Mes camarades me prêtent la main pour l’autre moment pénible d’une expédition: charger le bateau pendant que j’entame la procédure de démarrage du bateau. Entre les bouteilles et le matériel de plongées, leur recycleur, l’équipement de camping, les glacières de nourriture, les fameux jerrycans… Merci les gars! J’ai sans doute la meilleure place à quai de Nouméa à Sunset Marina, en terme de sécurité et d’abri, mais on ne peut malheureusement pas se garer à côté du bateau, donc il faut des bras pour les 100 derniers mètres.

Samedi 7h30, nous voilà partis, pas mal pour une première sortie avec un nouvel équipage. Comme prévu, il fait beau et ce sera super pour camper ce soir. Mais il y a quand même une petite brise de face qui nous fait perdre deux nœuds, rien de grave et c’était prévu.  Je fais découvrir à mes amis les passes de Uatio (Ecstasy) et de Kuare. Ils sont bien entendu aux anges, car ces deux passes sont spectaculaires. Mais je commence personnellement à être un peu blasé car cela fait plus de 15 fois que j’y vais. Je le regrette, mais c’est ainsi: il me faut du neuf pour vibrer. Je reste focalisé sur la pointe de la corne Sud !

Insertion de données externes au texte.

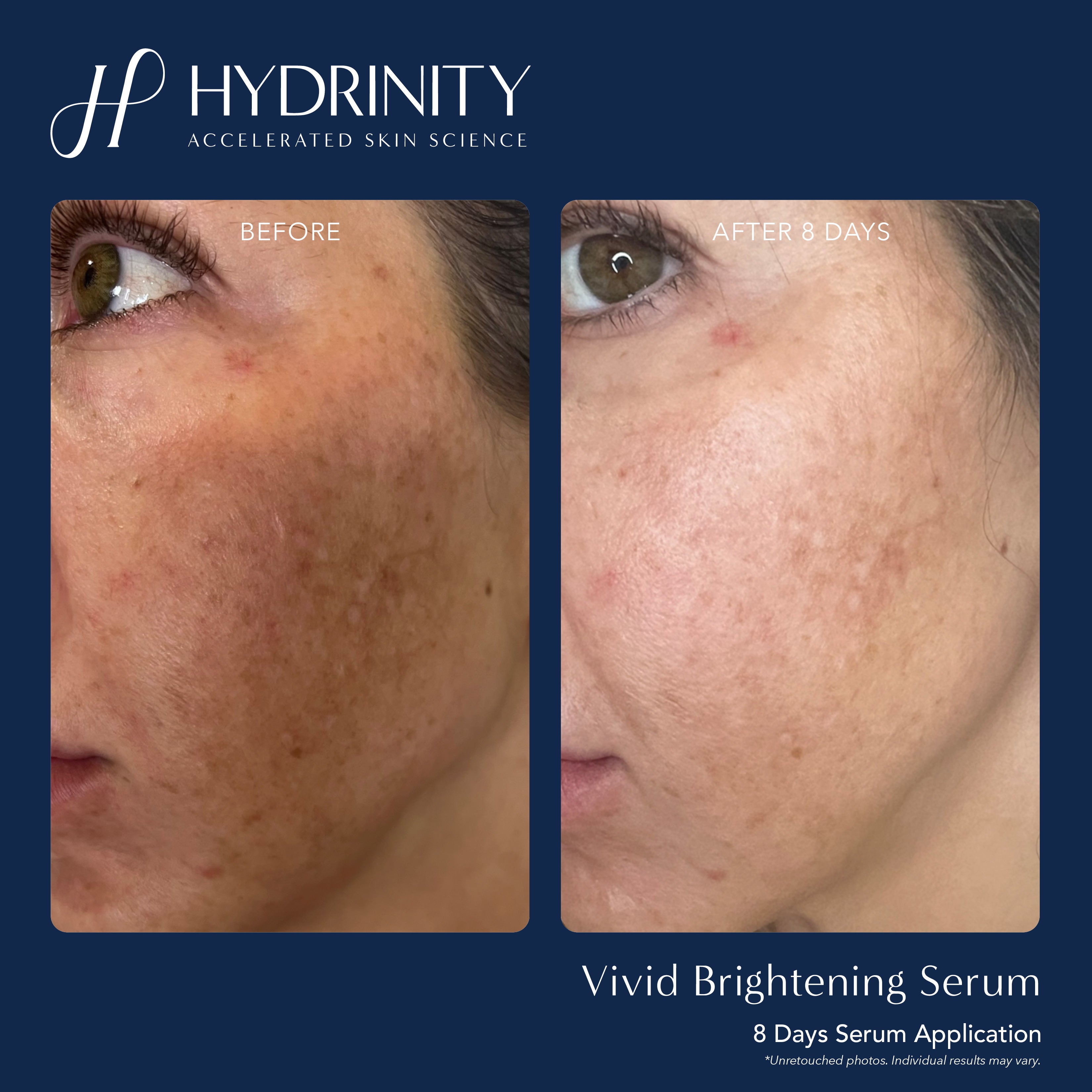 Hydrinity VIVID Brightening Serum (1 oz)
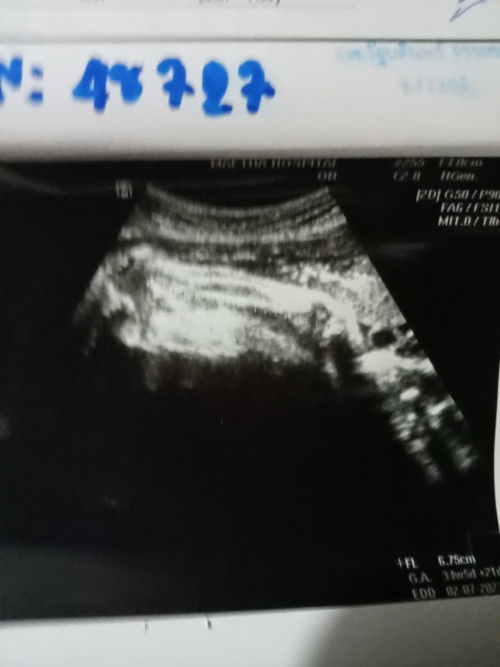 แม่ๆช่วยดูหน่อยค่ะว่าน้องเป็นเพศอะไร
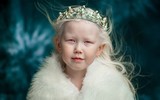 [ẢNH] Ngỡ ngàng trước vẻ đẹp khác biệt của những người mẫu bạch tạng nổi tiếng thế giới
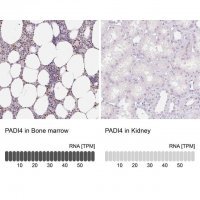Anti-PADI4 antibody produced in rabbit 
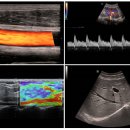 으뜸헬스케어 이미지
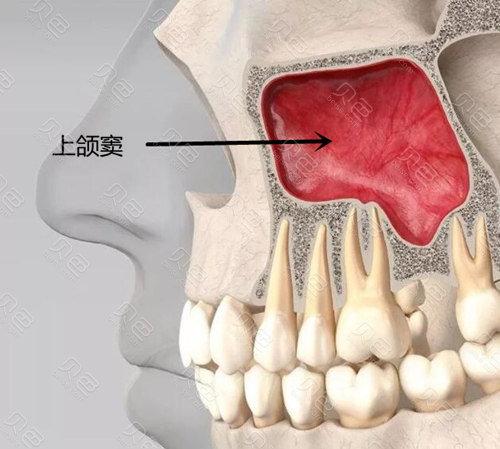 上颌窦窦口开放后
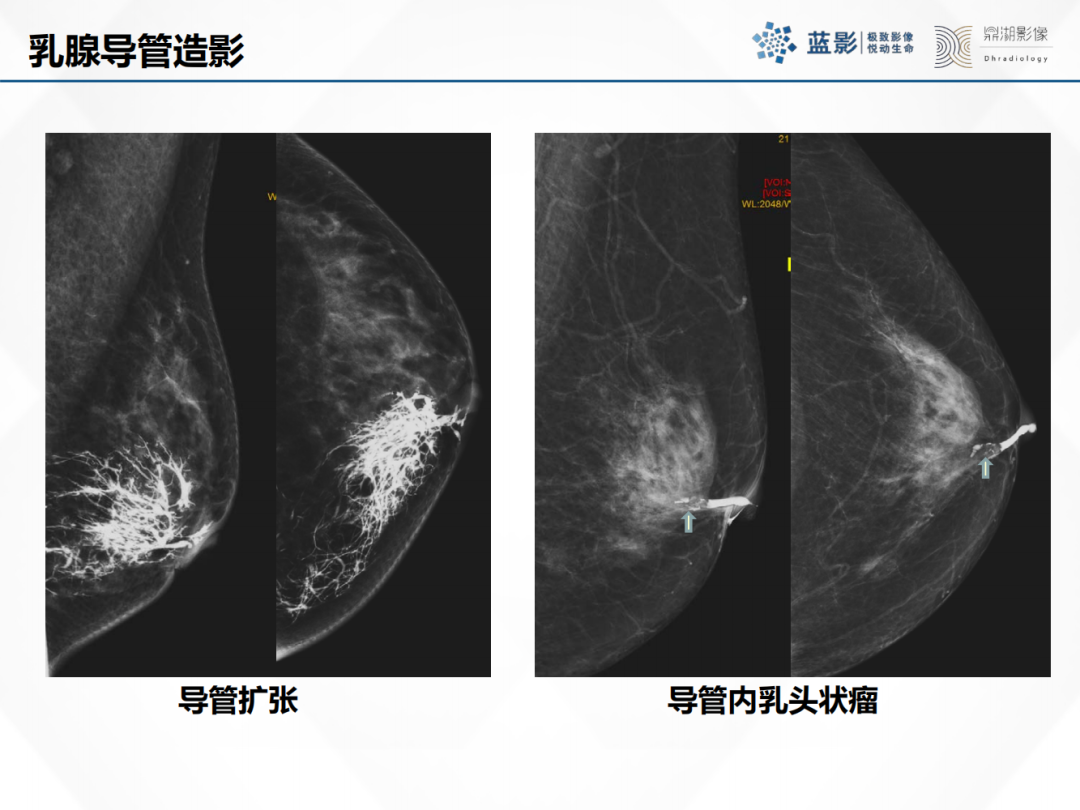 影像PPT - 【PPT】乳腺X线摄影在乳腺癌早筛早诊中的应用价值-37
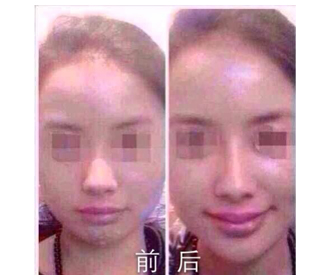 要找整形美容培训就找妃美-可信的微整形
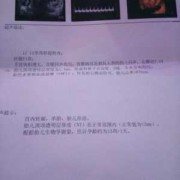 孕12周胎心167次正常吗,胎儿心跳167正常吗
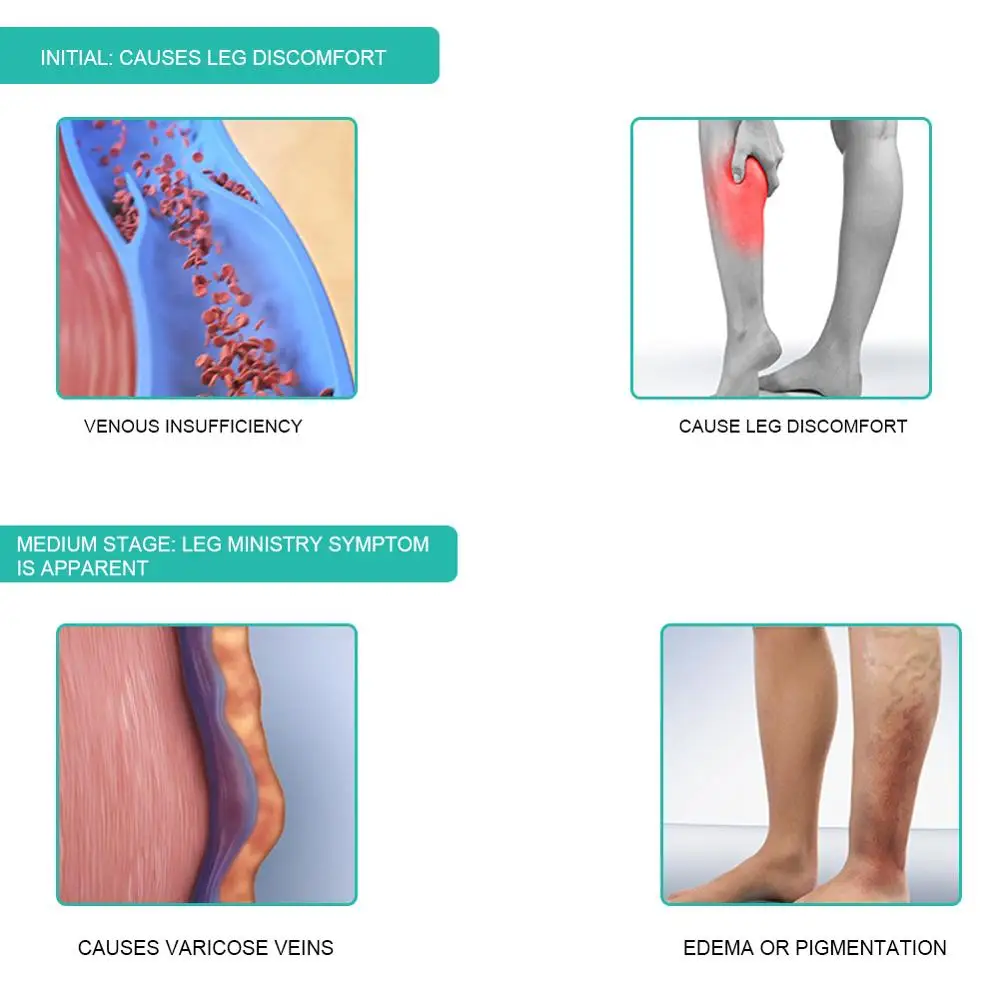 1 쌍 의료 압축 양말 30-40mmHg 중간 튜브 얇 - Compression Sock Medical 리뷰 및 가격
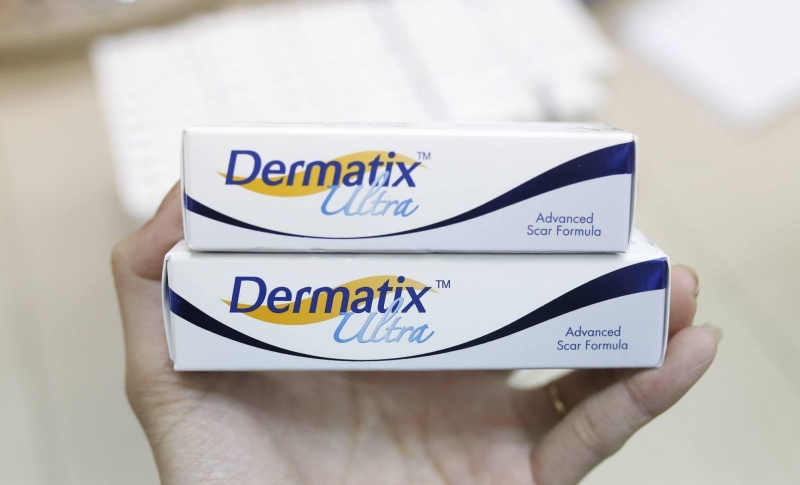 sẹo lồi có mủ 3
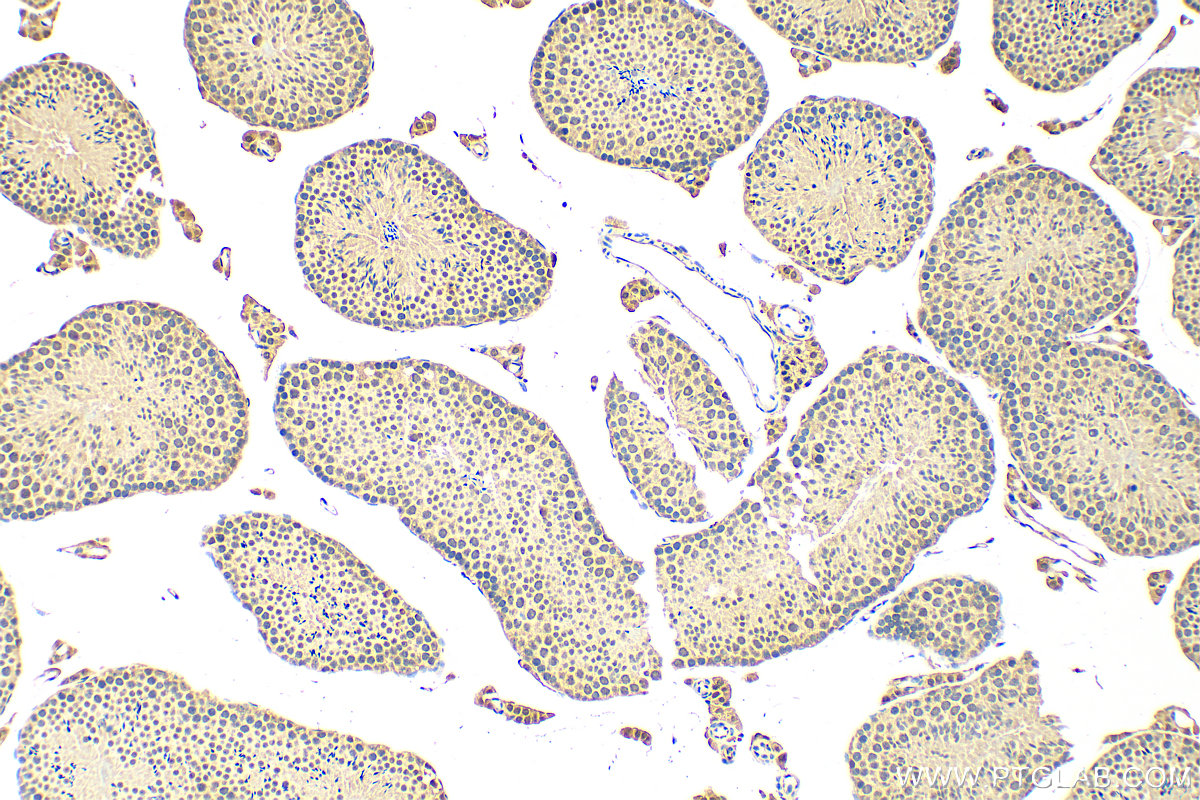 IHC staining of mouse testis using 15879-1-AP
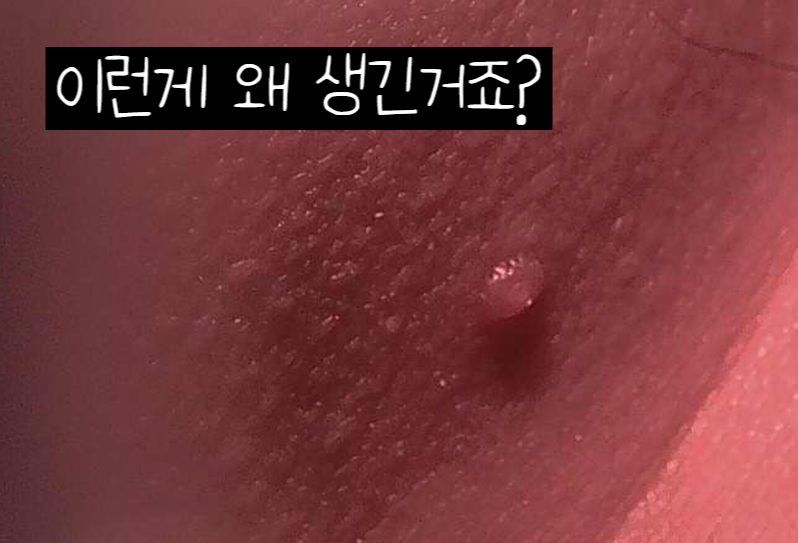 성인 물사마귀 제거 후 재발하는 원인, 치료, 예방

Après-midi à lézarder au soleil sur la plage à Téré, nous serons seuls à camper sur l’îlot. Il faut dire que les c’est l’hiver. Les Calédoniens se remettent à peine d’une vague de froid où des record de température à la baisse ont été battus. Pensez donc: 6° le matin, il y a quelques semaines sur la grande terre. Sur les îlots, on peut passer sous la barre des 20 ° la nuit et l’eau frôle les 21 °. Seuls les zoreilles les plus récents peuvent envisager  d’aller camper et plonger. Les Calédoniens se demandent toujours s’ils pourront survivre à cette vague de froid. Voilà qui fait bien notre affaire.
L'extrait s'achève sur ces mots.